### ACTIVITY
Dropping every picture, set down exactly the lines in the entries below, starting with the line with "So if you enjoyed" and going on through the line with "Hi, welcome to".

### RECORDS FOR THE TASK
□ □ □ □ □
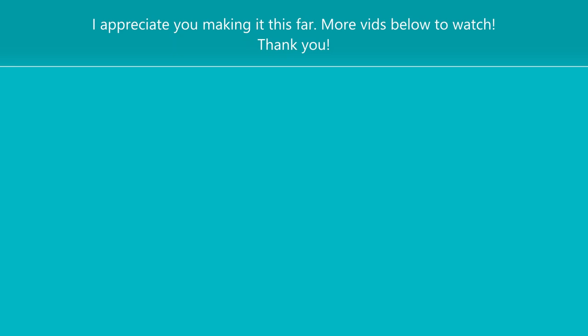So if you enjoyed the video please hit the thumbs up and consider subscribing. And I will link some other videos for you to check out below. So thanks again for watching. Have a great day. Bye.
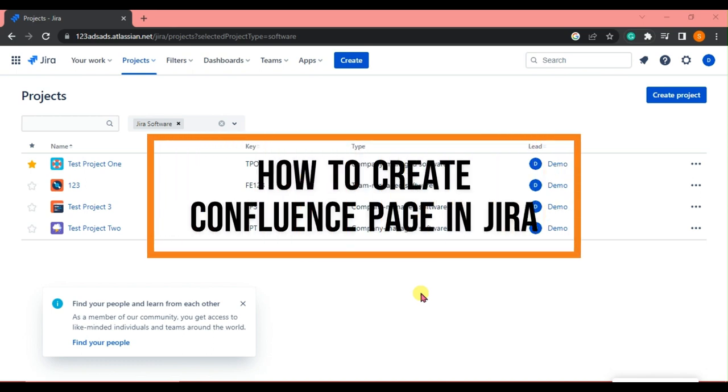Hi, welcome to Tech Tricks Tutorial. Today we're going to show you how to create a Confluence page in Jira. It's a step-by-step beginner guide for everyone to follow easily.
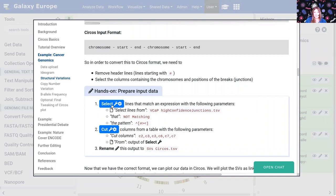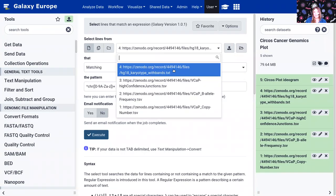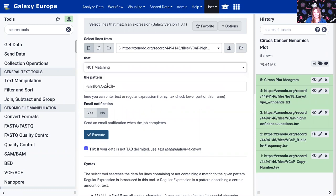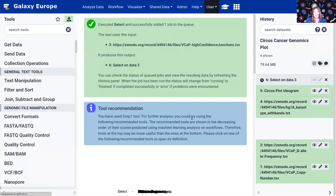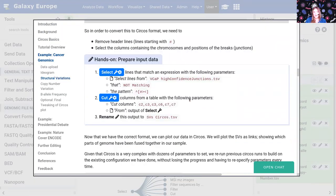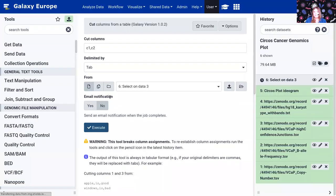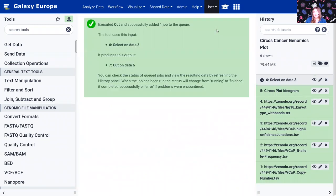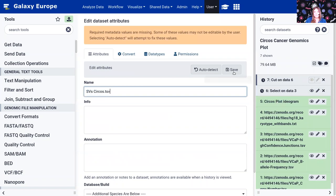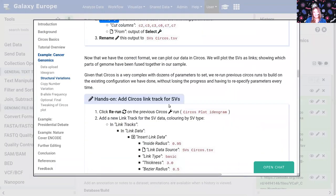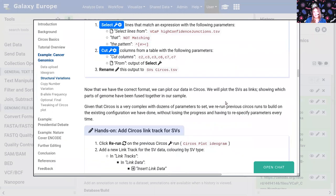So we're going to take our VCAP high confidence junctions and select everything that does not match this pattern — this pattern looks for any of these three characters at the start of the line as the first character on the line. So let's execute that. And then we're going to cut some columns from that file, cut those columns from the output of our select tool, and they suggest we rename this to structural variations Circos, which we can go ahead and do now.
□ □ □ □ □
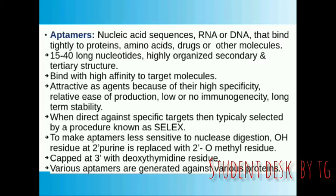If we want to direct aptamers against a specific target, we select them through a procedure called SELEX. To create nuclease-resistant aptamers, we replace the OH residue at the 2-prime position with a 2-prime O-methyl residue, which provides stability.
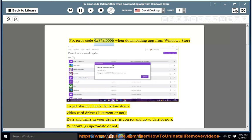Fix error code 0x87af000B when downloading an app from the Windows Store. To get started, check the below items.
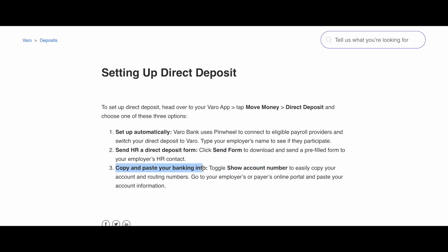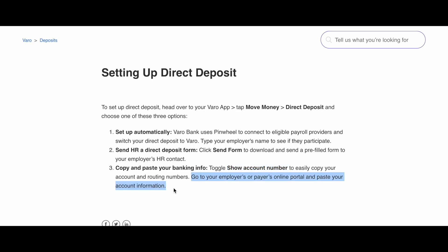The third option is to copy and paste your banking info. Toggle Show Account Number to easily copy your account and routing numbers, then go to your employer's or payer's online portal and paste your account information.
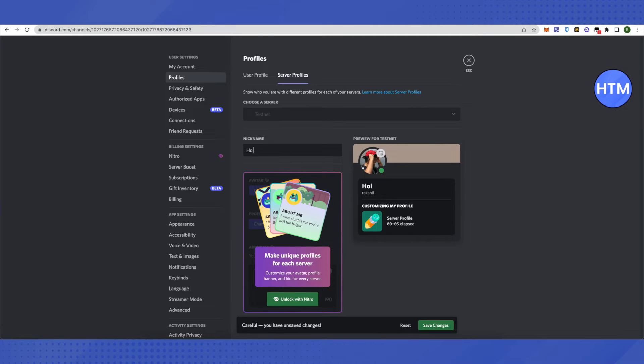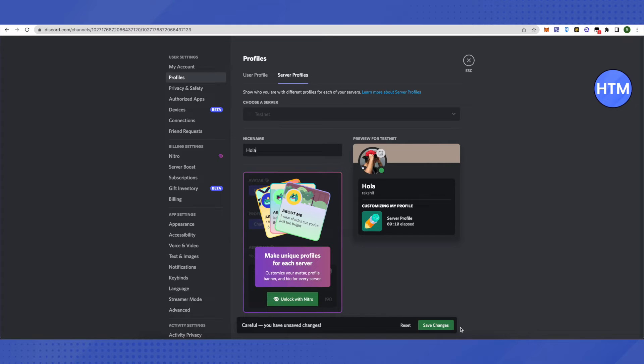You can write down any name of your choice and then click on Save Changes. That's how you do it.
□ □ □ □ □
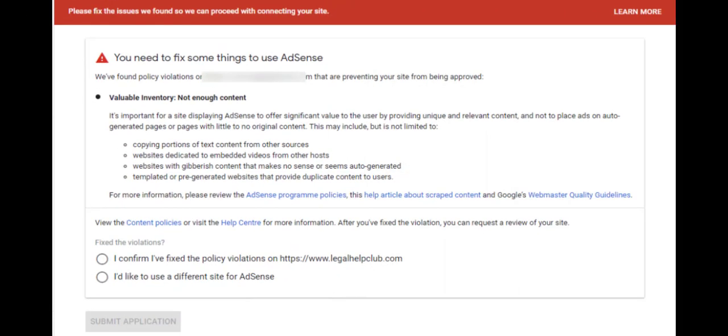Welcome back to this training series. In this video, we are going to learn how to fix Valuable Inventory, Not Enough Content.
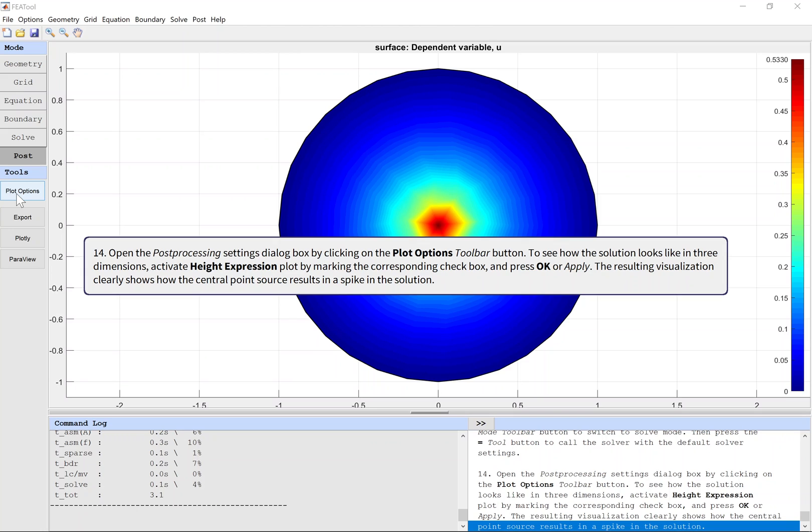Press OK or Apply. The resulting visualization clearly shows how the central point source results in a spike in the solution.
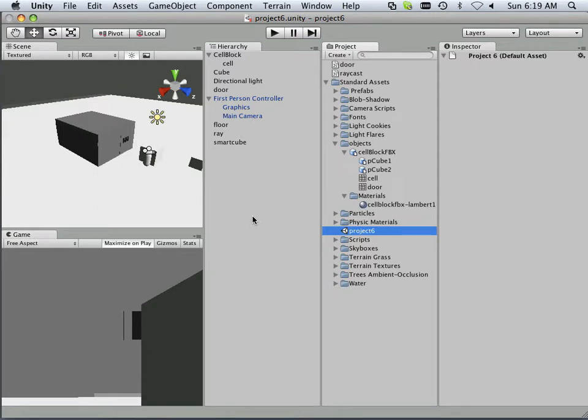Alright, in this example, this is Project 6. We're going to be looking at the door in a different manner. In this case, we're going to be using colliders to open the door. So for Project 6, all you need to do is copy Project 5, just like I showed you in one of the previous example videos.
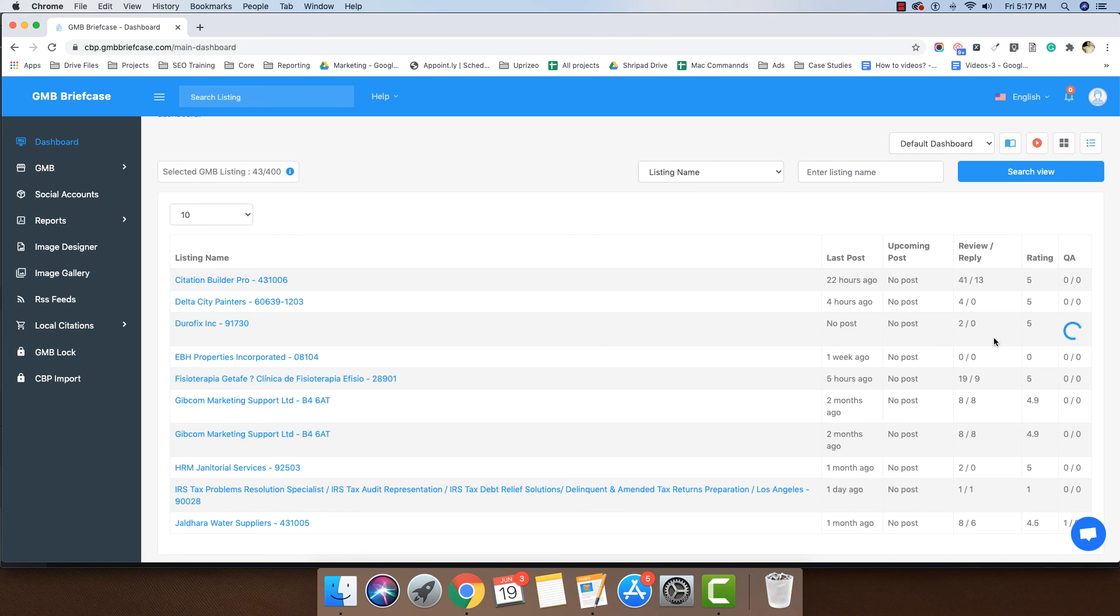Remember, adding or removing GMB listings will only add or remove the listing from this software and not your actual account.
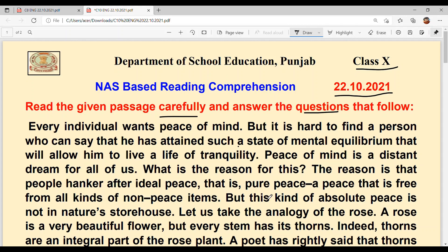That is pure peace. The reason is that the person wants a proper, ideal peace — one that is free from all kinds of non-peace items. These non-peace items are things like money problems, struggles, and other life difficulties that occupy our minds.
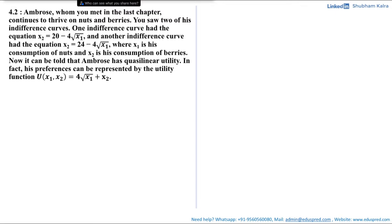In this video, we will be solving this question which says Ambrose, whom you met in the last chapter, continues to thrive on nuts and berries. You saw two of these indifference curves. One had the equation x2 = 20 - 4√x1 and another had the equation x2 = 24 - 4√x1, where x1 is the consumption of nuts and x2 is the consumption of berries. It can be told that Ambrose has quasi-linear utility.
□ □ □ □ □
### REPLY TO THE EXERCISE
So if you enjoyed the video please hit the thumbs up and consider subscribing. And I will link some other videos for you to check out below. So thanks again for watching. Have a great day. Bye.
Hi, welcome to Tech Tricks Tutorial. Today we're going to show you how to create a Confluence page in Jira. It's a step-by-step beginner guide for everyone to follow easily.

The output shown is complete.